→ **ABOUT THIS EXERCISE**
Your answer is the lines below, exactly, from the one that contains "design unique product" through the one that contains "SUPVOX Aluminum Alloy", both included.

-- TASK DATA follows --

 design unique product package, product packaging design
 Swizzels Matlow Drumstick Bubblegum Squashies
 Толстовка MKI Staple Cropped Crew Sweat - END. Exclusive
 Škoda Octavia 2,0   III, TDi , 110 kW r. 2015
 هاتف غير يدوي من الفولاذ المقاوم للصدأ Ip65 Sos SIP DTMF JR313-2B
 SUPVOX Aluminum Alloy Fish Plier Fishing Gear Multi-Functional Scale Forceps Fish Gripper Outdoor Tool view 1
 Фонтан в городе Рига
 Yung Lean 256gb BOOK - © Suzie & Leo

-- TASK DATA concluded --
-- TASK DATA follows --

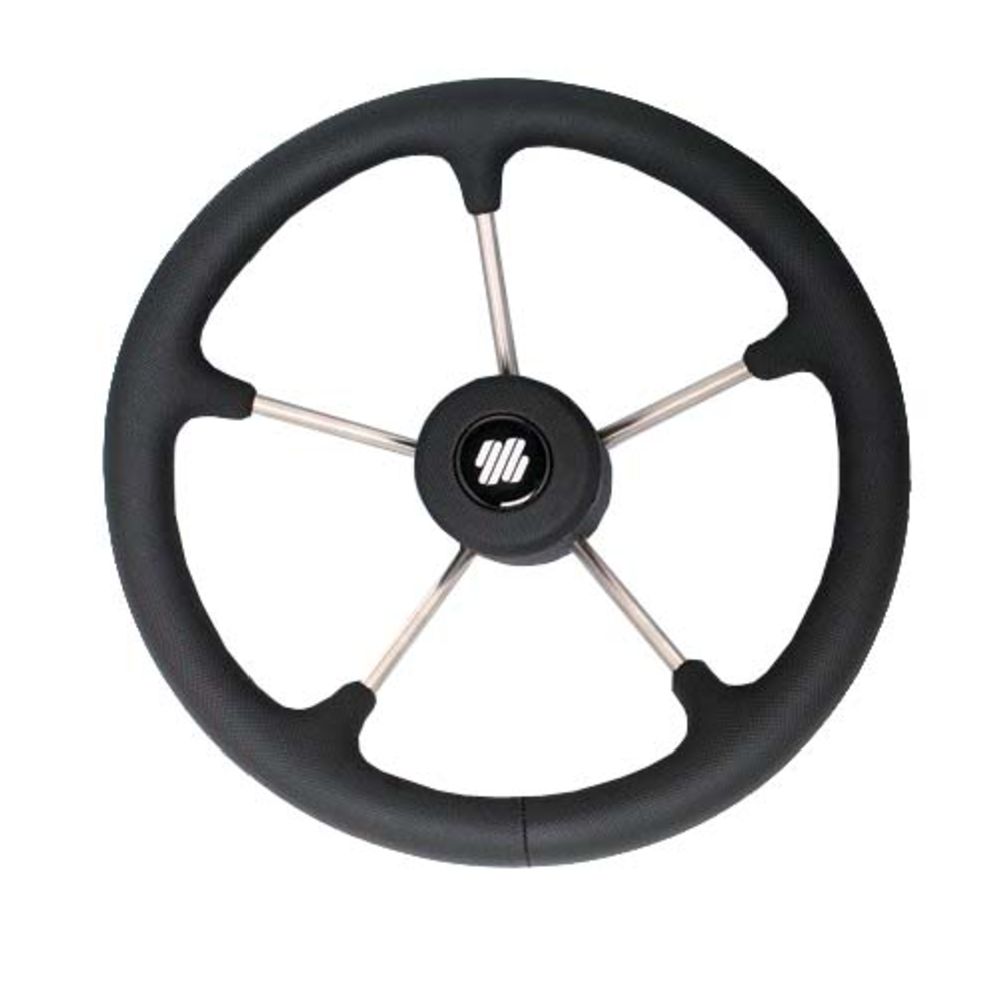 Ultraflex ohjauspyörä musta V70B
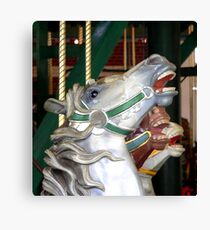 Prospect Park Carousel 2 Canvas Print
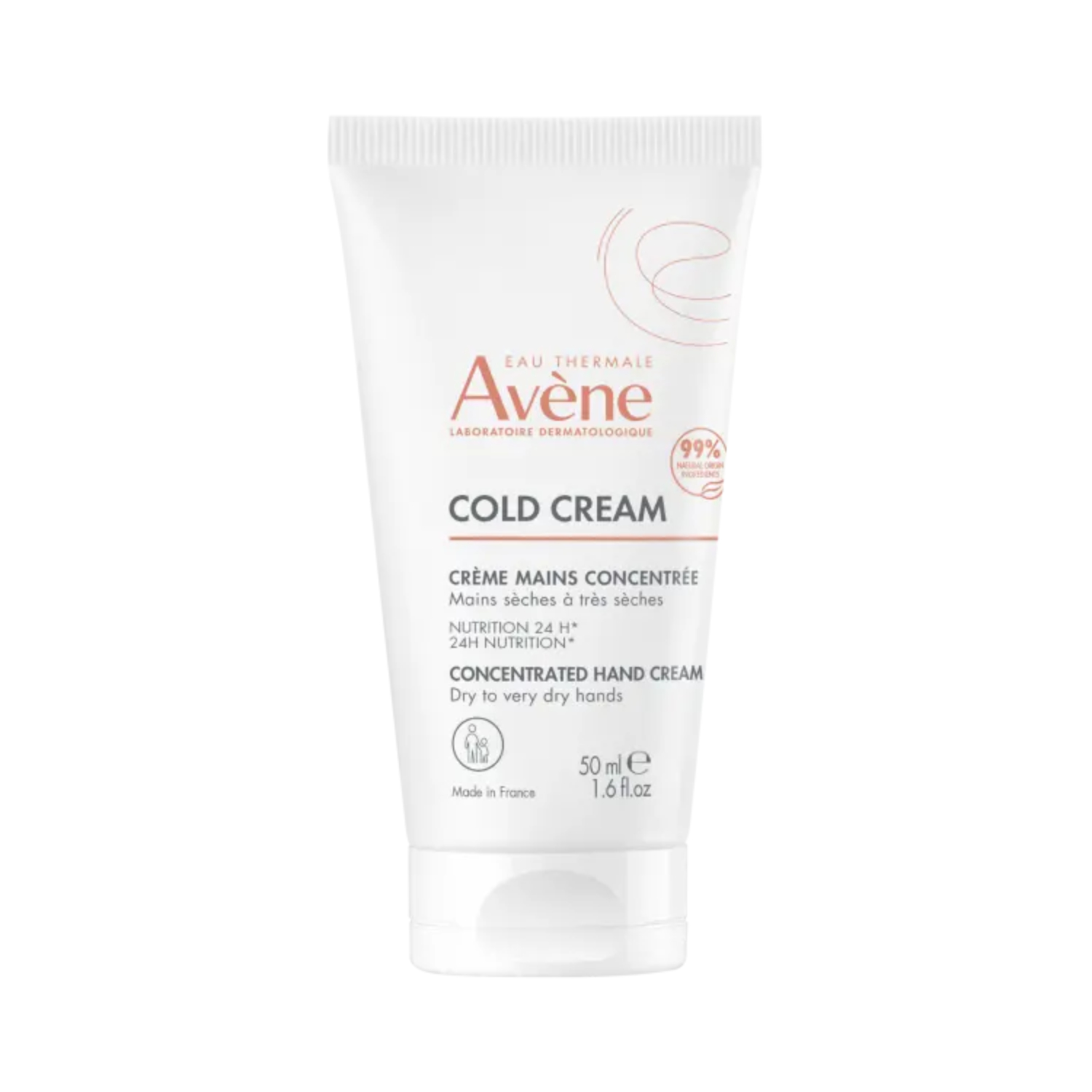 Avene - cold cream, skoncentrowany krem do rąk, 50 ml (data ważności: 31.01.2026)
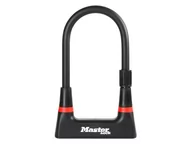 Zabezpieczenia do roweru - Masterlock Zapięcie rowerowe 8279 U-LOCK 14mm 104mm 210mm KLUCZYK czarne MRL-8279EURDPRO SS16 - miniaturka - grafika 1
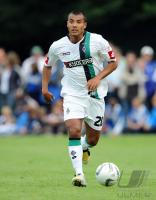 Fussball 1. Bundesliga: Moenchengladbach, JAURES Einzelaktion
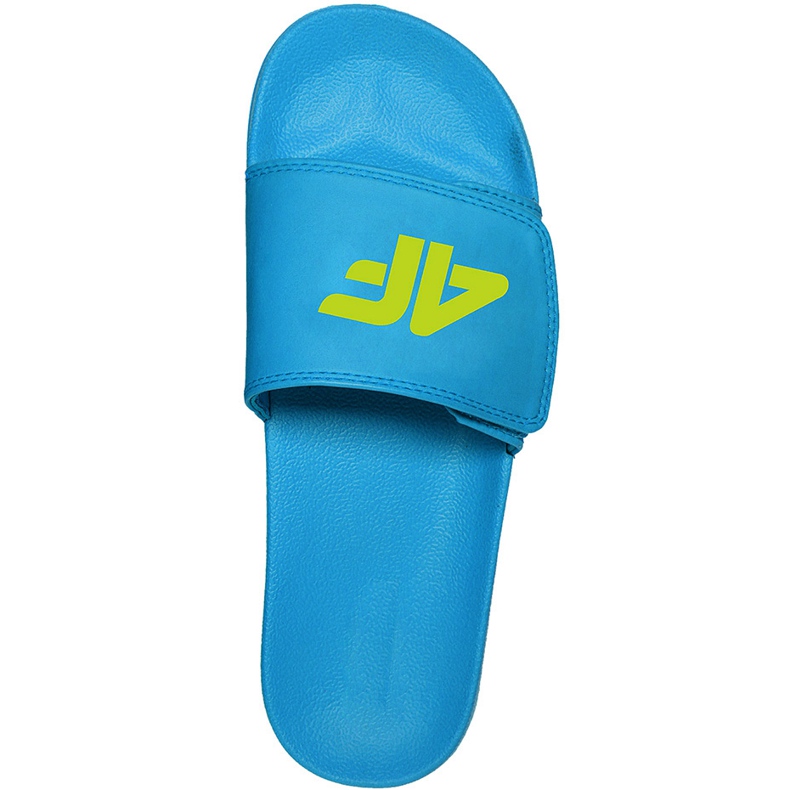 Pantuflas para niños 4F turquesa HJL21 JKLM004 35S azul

-- TASK DATA concluded --

→ **SOLUTION TO THIS PROBLEM**
 design unique product package, product packaging design
 Swizzels Matlow Drumstick Bubblegum Squashies
 Толстовка MKI Staple Cropped Crew Sweat - END. Exclusive
 Škoda Octavia 2,0   III, TDi , 110 kW r. 2015
 هاتف غير يدوي من الفولاذ المقاوم للصدأ Ip65 Sos SIP DTMF JR313-2B
 SUPVOX Aluminum Alloy Fish Plier Fishing Gear Multi-Functional Scale Forceps Fish Gripper Outdoor Tool view 1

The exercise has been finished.